For instance, the forested watershed surrounding Jakarta ordinarily stores and slowly releases rainwater, promoting the aquifer recharge process and stabilizing soil and stem erosion.

However, deforestation in the upstream watersheds have left Jakarta in a vulnerable position to meet the surging demand for water as well as protect against flooding, landslides and water stress.

How can Green Energy of Asia be translated and communicated?

Outwardly, the slogan “Energy of Asia” could be translated to highlight Indonesia as a green and environmentally friendly nation, for instance, by emphasizing the country’s commitment to sustainable development, starting from the inclusion of environments’ carrying capacity in development planning and the ambitious greenhouse gas emissions reduction target, to large-scale forest and peatland restoration.
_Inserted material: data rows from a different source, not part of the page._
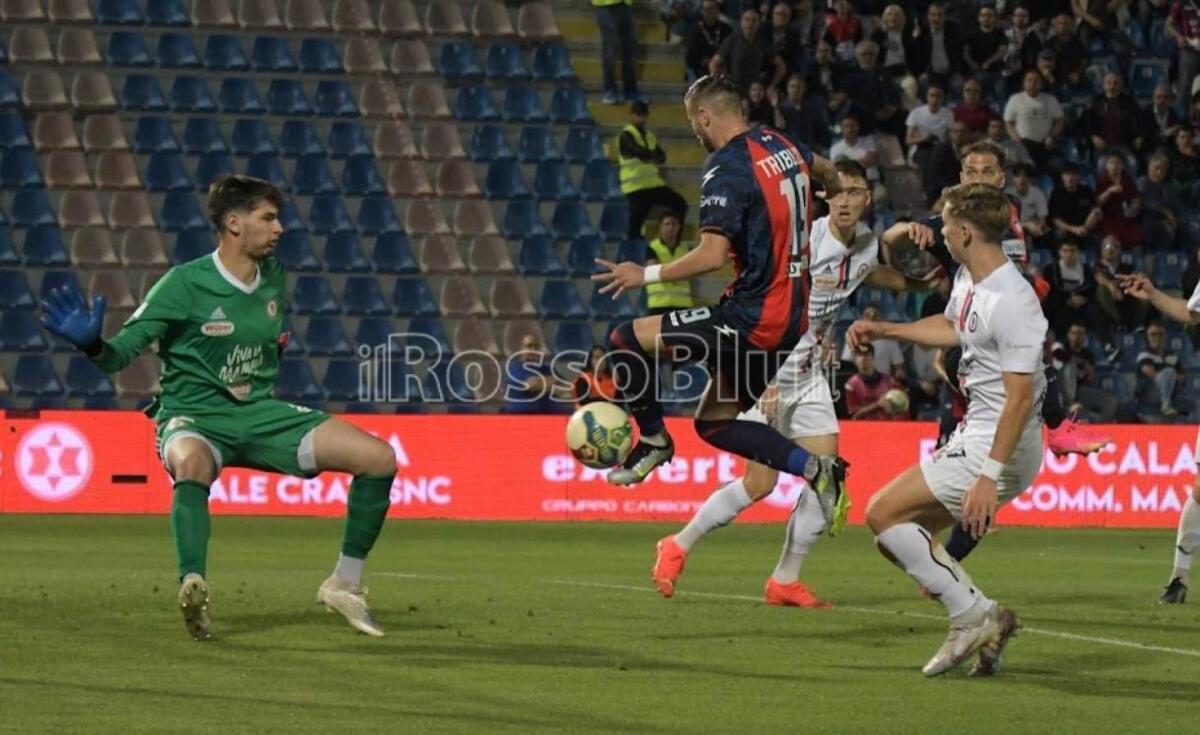 #FoggiaCrotone | I precedenti: sfida ostica per gli squali in Puglia - 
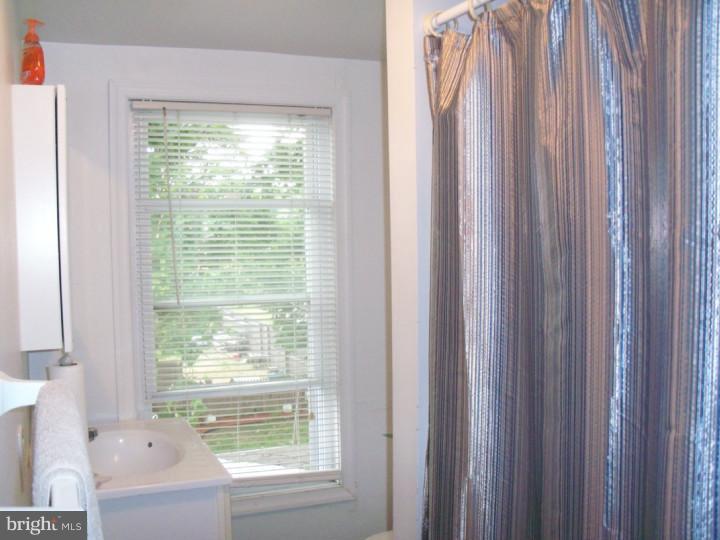 325 Crown Point Road Thorofare, NJ 08086 - Photo 15 of 17 Bathroom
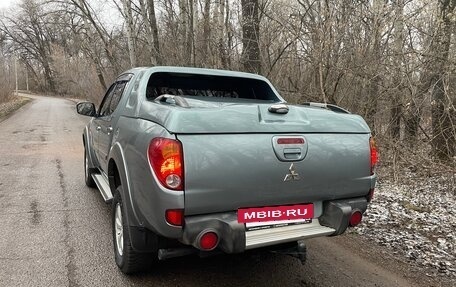 Mitsubishi L200 IV рестайлинг, 2007 год, 1 275 000 рублей, 7 фотография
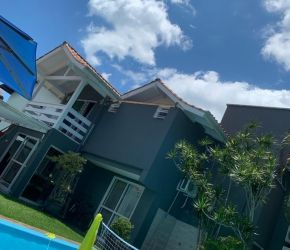 Apartamento no Bairro Jurerê Internacional em Florianópolis com 5 Dormitórios (4 suítes) e 270 m² - 1305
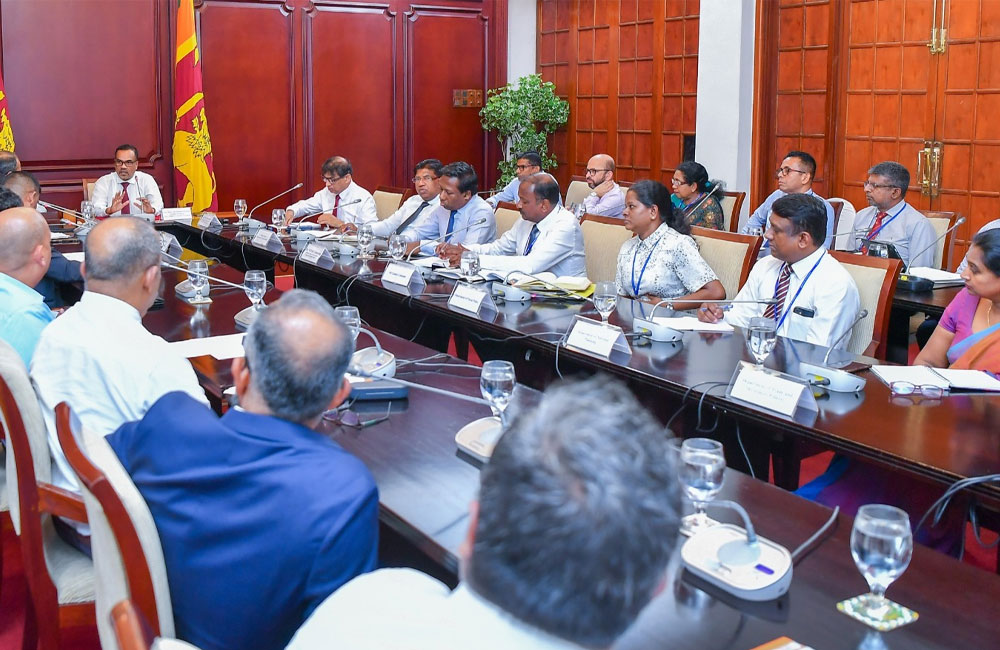 Full Support from Automobile and Electronics Importers for Government’s Economic Development Program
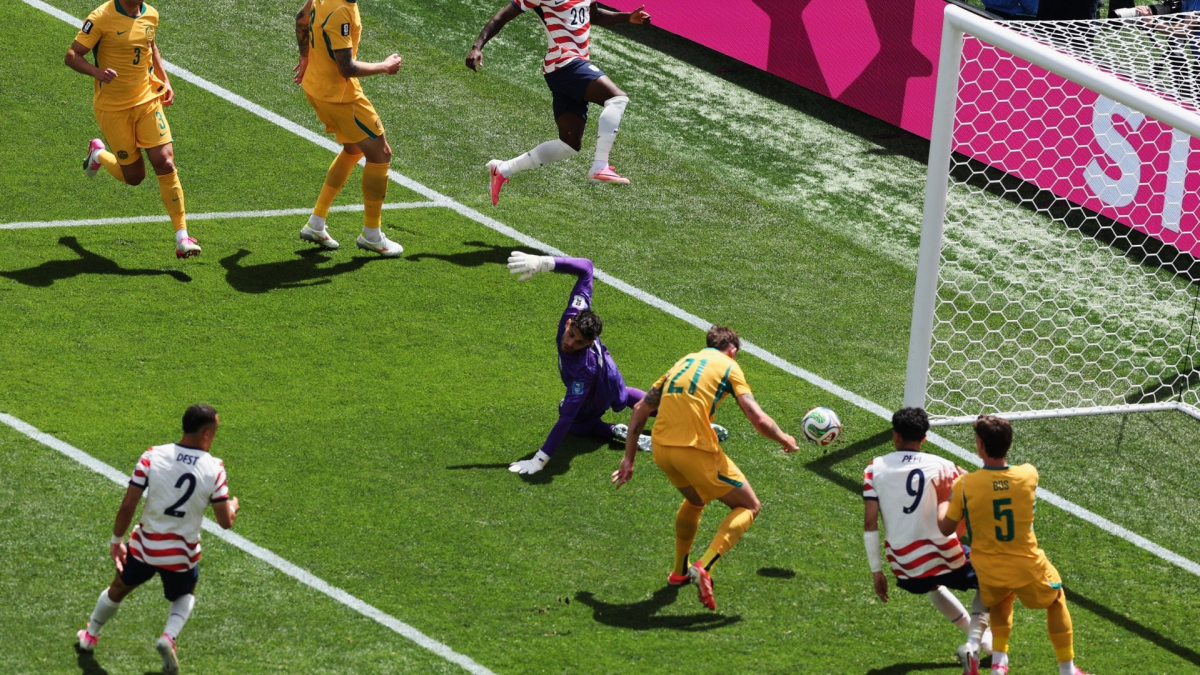 Estados Unidos se impone a Australia con un gol de Burgess (p.p) en el 1-0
Local governments, such as South Sumatra’s, have also promoted green growth to protect forests and peatland while considering alternative livelihoods for communities to prevent burning.

Inwardly, the green message could be used by the government to raise awareness about forest protection and green development and implore its citizens to live a greener, healthier lifestyle. For example, the government could run a campaign to produce less waste, dispose of waste properly and encourage the use of compostable packages, especially during the Games.
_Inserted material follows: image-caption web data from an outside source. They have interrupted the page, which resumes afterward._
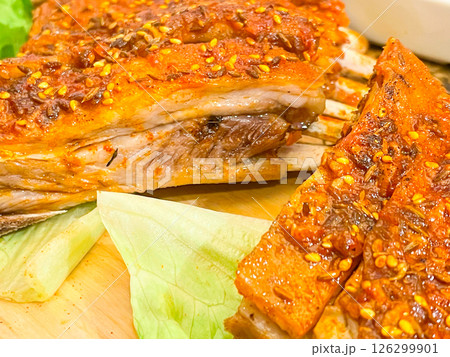 中国シルクロード料理　ラムスペアリブのスパイス焼き（烤羊排） 126299901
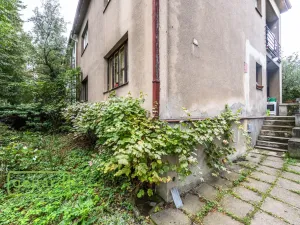 Prodej podílu 1/2 rodinného domu, Praha - Malešice, Káranská, 225 m2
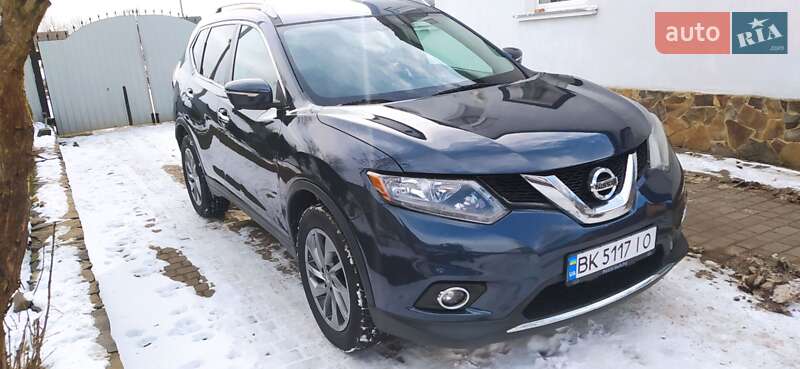 Внедорожник / Кроссовер Nissan Rogue 2015 в Здолбунове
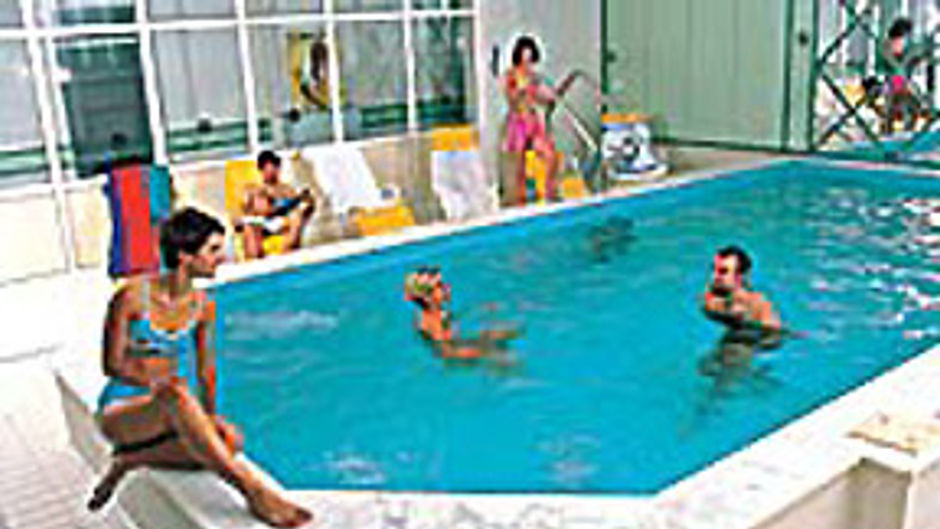 Bled Rose Pool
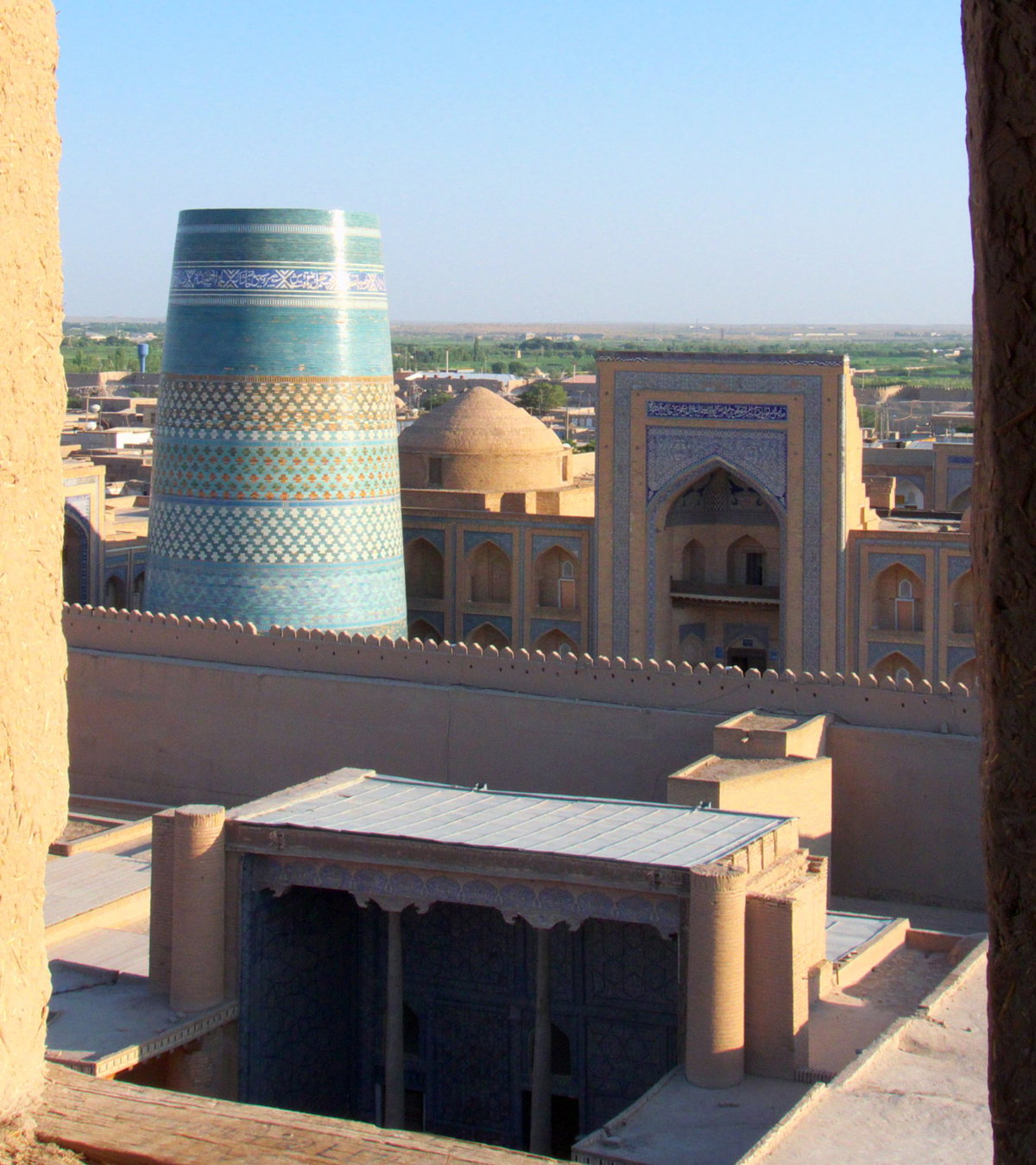 Kalta Minor and Amin Khan Madrassah, Khiva, Khiva, Uzbekistan, 2010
Similarly, transportation could be made greener during the Games. While the government has said it would provide nonfossil fuel-based vehicles to transport athletes and spectators within the sports complexes, a campaign that encourages members of the public to walk, cycle and use public transportation, such as the newly established light rapid transit (LRT) system, could also be organized.

There will hopefully be changes in awareness and the behavior of the public that will last beyond the Games.

Now, as our athletes are getting their energy ready for scoring big in the Games, we should also unite to green up the Asian Games as the Energy of Asia.